Estimates for the empirical distribution along a geodesic in first-passage percolation (2010.08072v2)

Abstract: In first-passage percolation, we assign i.i.d.~nonnegative weights $(t_e)$ to the nearest-neighbor edges of $\mathbb{Z}^d$ and study the induced pseudometric $T = T(x,y)$. In this paper, we focus on geodesics, or optimal paths for $T$, and estimate the empirical distribution of weights along them. We prove an upper bound for the expected number of edges with weight $\geq M$ in the union of all geodesics from $0$ to $x$ of the form $q(M) \mathbb{P}(t_e \geq M)|x|$, where $q(M) \leq e^{-cM}$. This shows that the tail of the expected empirical distribution along a geodesic is lighter than that of the original weight distribution by an exponential factor.

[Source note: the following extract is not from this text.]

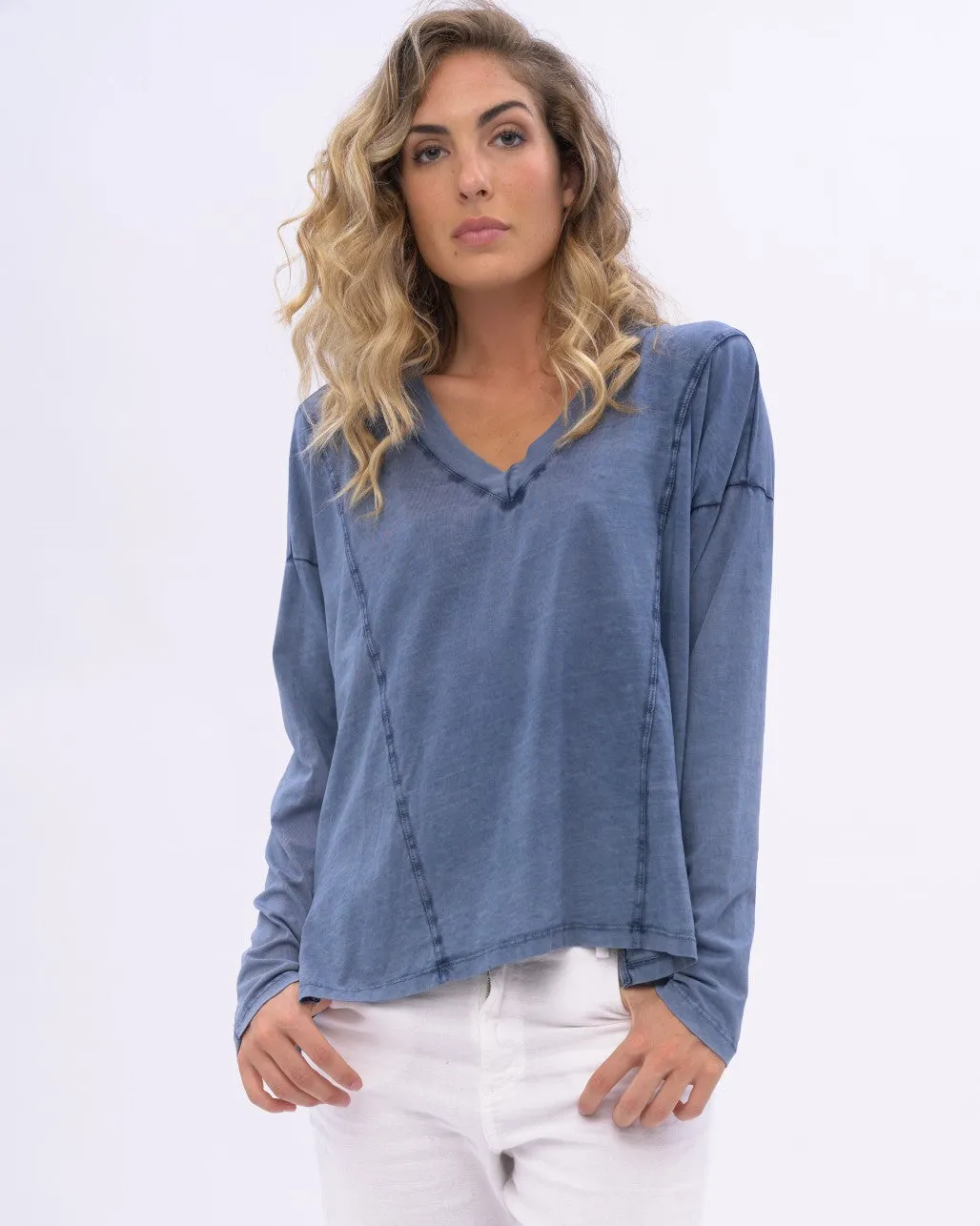 Stonewashed V-neck Organic Cotton Long Sleeve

We also give a lower bound for the expected minimal number of edges with weight $\geq M$ in any geodesic from $0$ to $x$ in terms of $\mathbb{P}(t_e \geq M)$ and $\mathbb{P}(t_e \in [M,2M])$. For example, these two imply that if $t_e$ has a power law tail of the form $\mathbb{P}(t_e \geq M) \sim M^{-\alpha}$, then the tail of the expected empirical distribution asymptotically lies between $e^{-CM \log M}$ and $e^{-cM}$. We also provide estimates for the expected number of edges in a geodesic with weight in a set $A$ for (a) arbitrary $A$, (b) $A$ an interval separated from the infimum of the support of $t_e$ and (c) $A=[0,a]$ for some $a \geq 0$.